(Image-text web data)
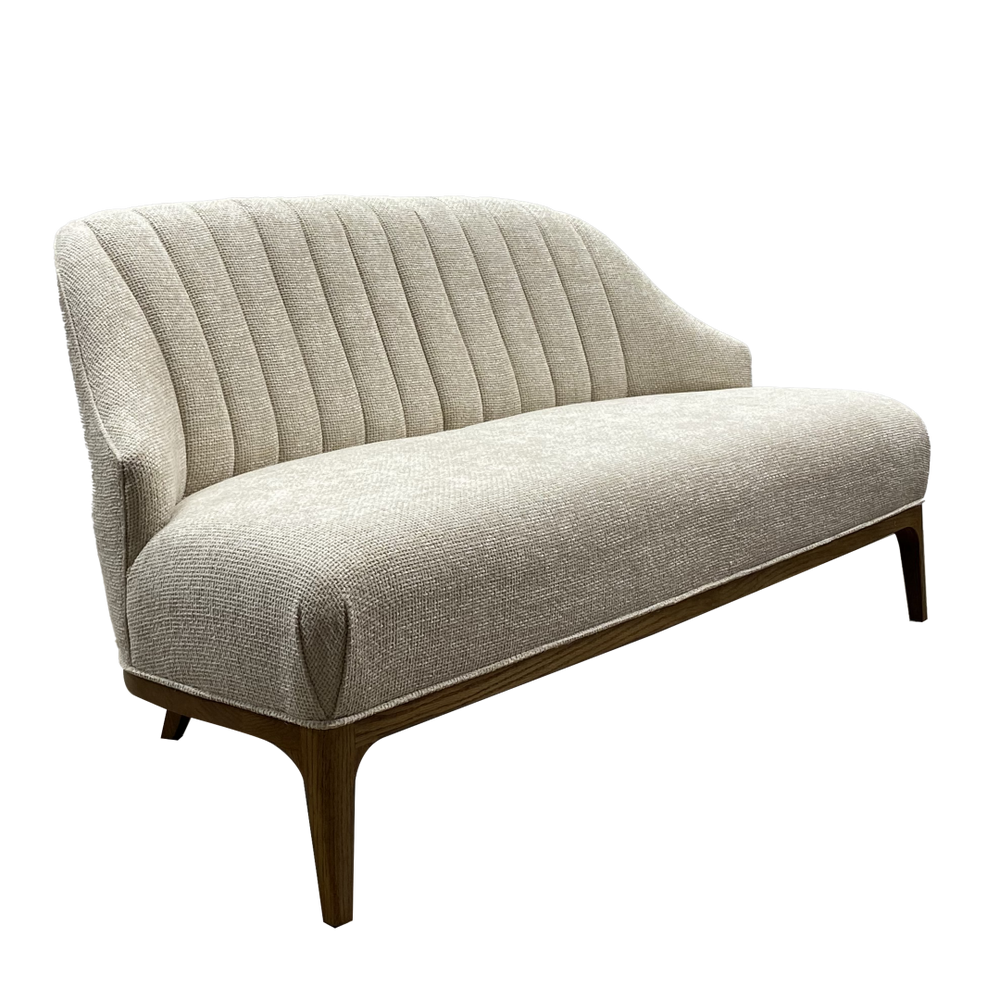 Inga Settee - Elegant Crhom Nona Oatmeal Upholstered Sofa on Solid White Oak Frame, Modern Design
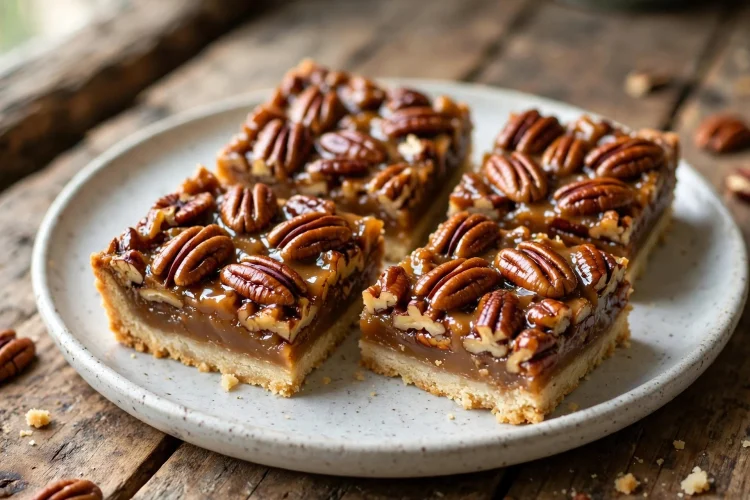 Pecan pie bars with glossy caramel pecan topping on a plate
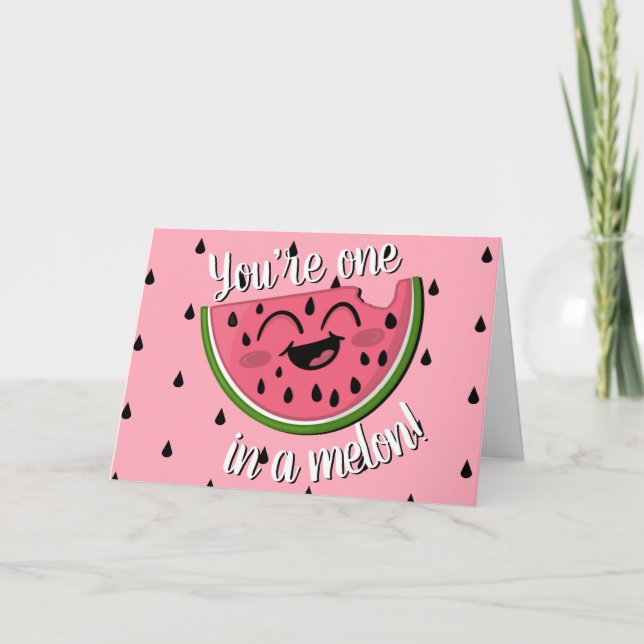 One in a Melon Cute Watermelon Pink Birthday Card (Front)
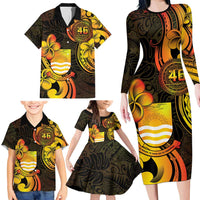 Personalised Kiribati Independence Day Family Matching Long Sleeve Bodycon Dress and Hawaiian Shirt 46th Anniversary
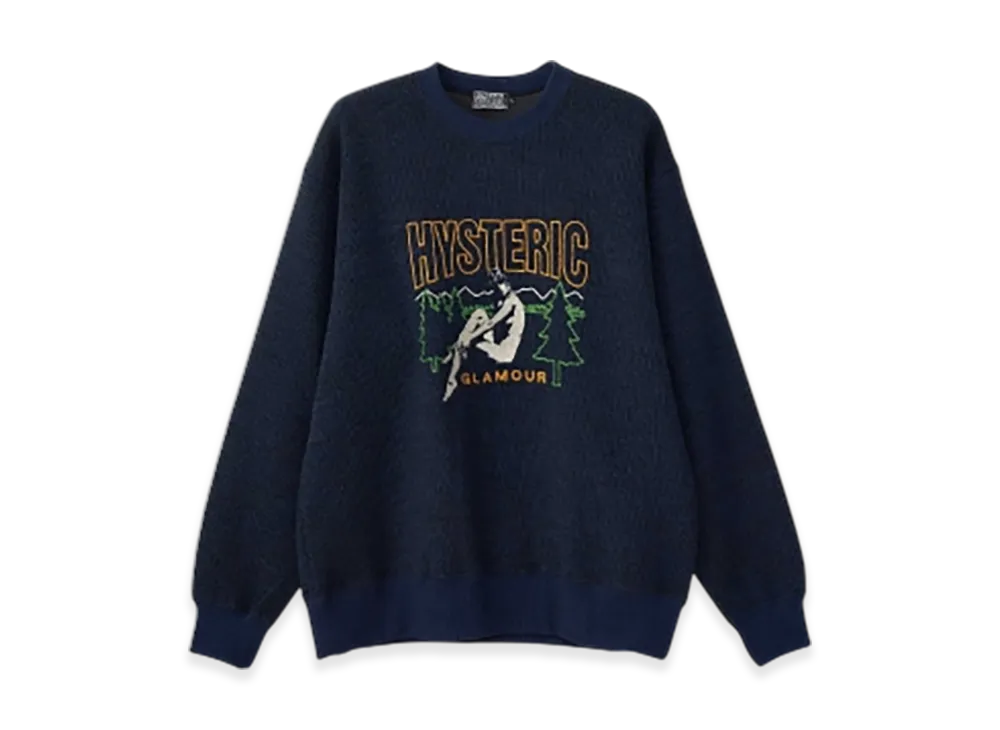 HYSTERIC GLAMOUR Chillin' Weekend Embroidered Sweatshirt "Navy"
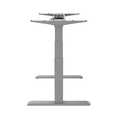 Dual motor sit-stand desk frame, 3 column stages, grey
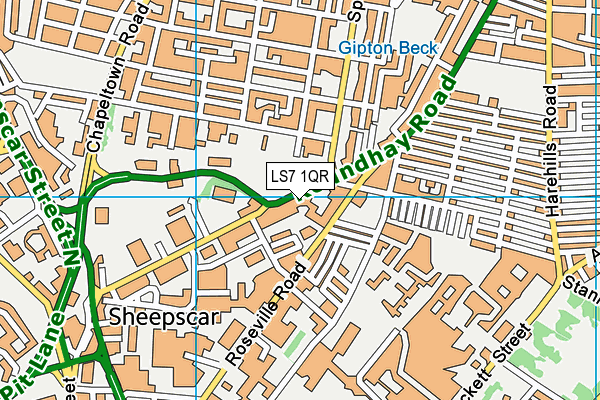 LS7 1QR map - OS VectorMap District (Ordnance Survey)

## Problem statement
Would you return all of the entries unchanged while omitting the images?

## Exercise answer
 Inga Settee - Elegant Crhom Nona Oatmeal Upholstered Sofa on Solid White Oak Frame, Modern Design
 Pecan pie bars with glossy caramel pecan topping on a plate
 One in a Melon Cute Watermelon Pink Birthday Card (Front)
 Personalised Kiribati Independence Day Family Matching Long Sleeve Bodycon Dress and Hawaiian Shirt 46th Anniversary
 HYSTERIC GLAMOUR Chillin' Weekend Embroidered Sweatshirt "Navy"
 Dual motor sit-stand desk frame, 3 column stages, grey
 LS7 1QR map - OS VectorMap District (Ordnance Survey)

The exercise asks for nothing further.